E.g. if you don't know how to use "whom" properly, then don't ****ing use it. If you don't know what "e.g." means: then don't ****ing use it.** If you don't know the difference between "eloquent" and "elocution:" don't ****ing use them. If you can't figure out how to use Elizabethan, Middle, or Victorian English properly, then, please -- for the love of god or some other ontologically valid being who may or may not be a purple spaghetti monster dressed in suspenders, I'm begging you -- don't ever use them. If you don't know how to use a semi-colon: learn how.
Essentially: I would much rather someone speak and/or write their own dialect/register of English fluently than speak Standard Written English like a second language learner. Because, you know what? Second language learners have an excuse. We don't.

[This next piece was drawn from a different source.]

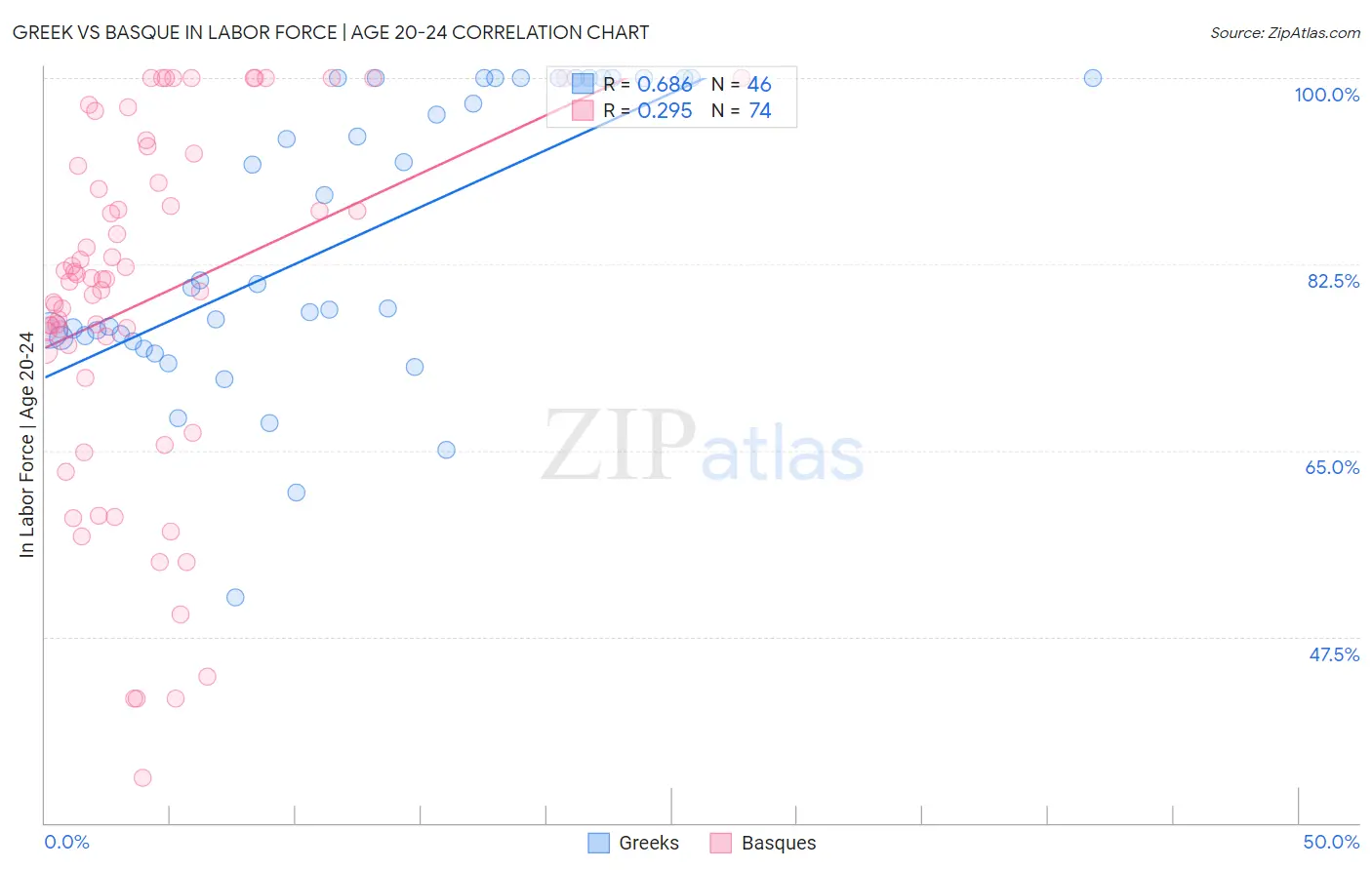 Greek vs Basque In Labor Force | Age 20-24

(This comic found on the excellent Language Log, because, while I'm crazy, I'm not crazy enough to write my own comic, or to root around and risk getting stranded in my bog of a hard-drive for a picture of Archibald the Asparagus.)
*Don't get me wrong. I would really, really, really like it if people would stop writing "you're" when they mean "your," "it's" instead of "its," and mixing up "discreet" and "discrete." (That's like, 80% of my freelance livelihood right there by the way. Righting/re-writing people's homophones and shifting their apostrophes.) I'd also like them to learn how use the subjunctive, and how to construct the past and present perfect tenses properly. But I can realize that it's not that important in the grand scheme of things. And people do make mistakes. I get that. It's cool. I would much rather than people have imperfectly 'formatted' thoughts that are worth hearing/reading, than read/hear grammatically correct trivialities. But it looks like I'm not going to get that either. So I take my daily dose of Fukitol and start half my sentences with conjunctions in a passive aggressive bid to frustrate humanity out of its stupidity. (No results yet.)
**It means: exempli gratia, 'for the sake of an example,' so, really, you could just say something boring and English and simple like "for example:", 'i.e.,' on the other hand, means 'id est' (that is) which usually introduces some sort of clarification or definition. But again, you could just use the boring old English "that is" and never have to think about it again.
Also, as you've probably gathered from the preceding paragraphs, I could totally do without anyone ever trying to write period English. Ever. Again. There is no profanity in any language I know to express my feelings on the subject. Stop, people. Just stop, okay? I can barely tolerate the Quaker 'thee' in the old Star Trek, and I'm told they're using it correctly.
But it looks like that probably won't happen either. So... que sera sera.
Oh, yeah, and another thing: for god's sake, look up the definition and spelling for foreign phrases; make sure it actually means what you think it means. Google is literally at your fingertips. Even if you've got the wrong spelling, the right one will come up; this is one of the few moments in life where other people's incompetence/ignorance will actually work for you.
And proof read. Do as I say, not as I do.